The Frailty of Modern Art.—The old masters made their own colors. The material which entered into their pigments came to them unadulterated, and the excellence of the paint depended on the brain mixed in it. Hence, their paintings to-day, though lacking somewhat freshness of color, have a mellowness which age can only give to pigments of the highest excellence. Modern pictures will not ripen, their colors fade, and the mellowness of the old masters is unattainable. Holman Hunt, of England, has called the attention of lovers of the fine arts to this deplorable fact. And the reasons are given. The artist's colors are no longer made by himself. Their manufacture is a business from whose secrets he is shut out. Artist's colors are subject to fearful adulteration. Even the oils cannot be genuine, as things go. The materials of which they are made go to the maker in a sophisticated state. Linseed and poppy-seed are adulterated before they reach the oil-maker's hands. So too, is it generally with the crude material for the pigments. A high-priced vermilion from an eminent dealer, upon analysis, yielded twelve per cent, of red lead. So the artist, who puts his whole life and soul into a painting that should be "a joy forever," has this immortality of art quenched by the use of dishonest paint.
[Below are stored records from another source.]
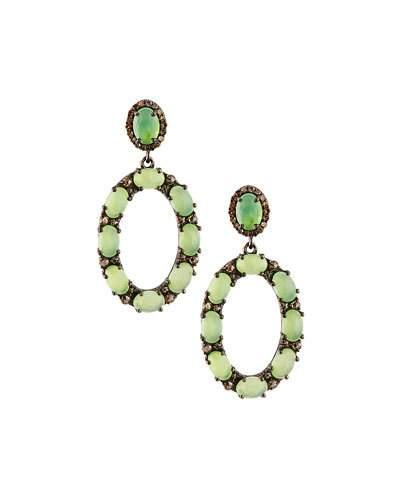 Oval Chrysoprase & Diamond Drop Earrings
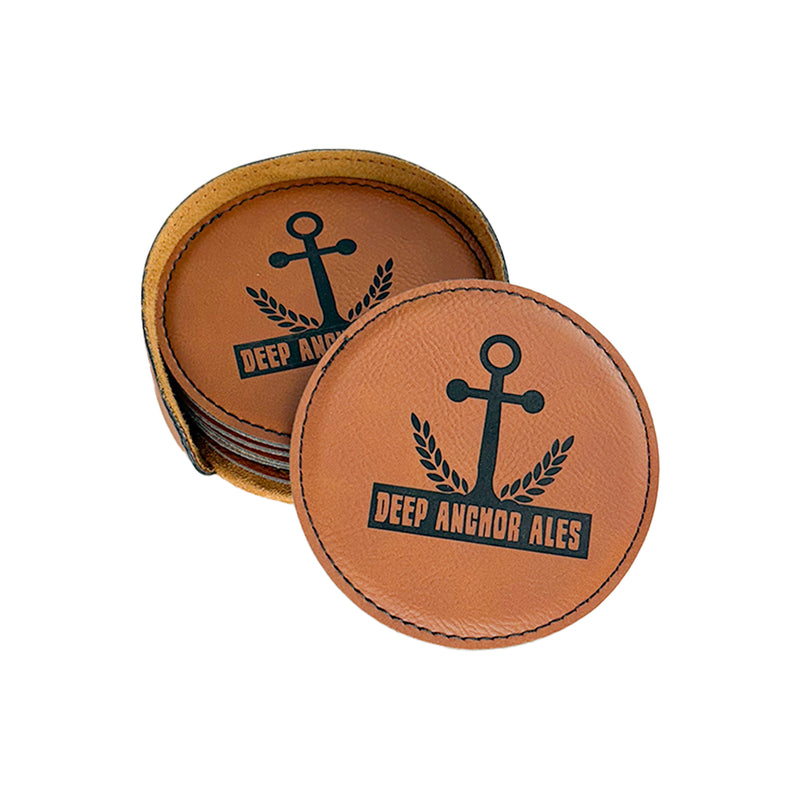 4" Round Leatherette Coaster - 6 Pack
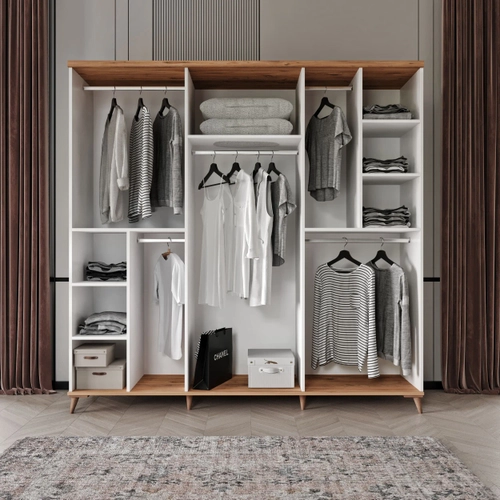 �cretsiz Montaj Bohem 6 Kapakl� Aynal� Komple MDF Gard�rop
Oscillations of Lakes.—The "seiches" of the lake of Geneva have for several years, as we learn from Nature been under investigation by Forel, of Lausanne. The term "seiche" is applied locally to certain oscillatory movements occasionally seen on the surface of the lake. The phenomenon had been investigated by previous observers, among them Saussure and Yaucher, who attributed it to variations in atmospheric pressure; in this, Forel agrees with them. The same phenomenon occurs in other Swiss lakes, and Forel believes it will be found in all large bodies of water. He recognizes in the "seiche" probably the most considerable and the grandest oscillatory movement which can be studied on the surface of the globe. His investigations have led him to the conclusion that the "seiche" on the Swiss lakes is an oscillatory undulation, having a true rhythm, and that the phenomenon is not occasional, but constant, though varying in degree. The duration of a "seiche" is a function of the length and depth of the section of the lake, along which it oscillates; this duration increases directly with the length, and inversely with the depth of the lake. The instrument he has devised for the investigation of the phenomenon he calls a plémyramàtre ("tide-measurer").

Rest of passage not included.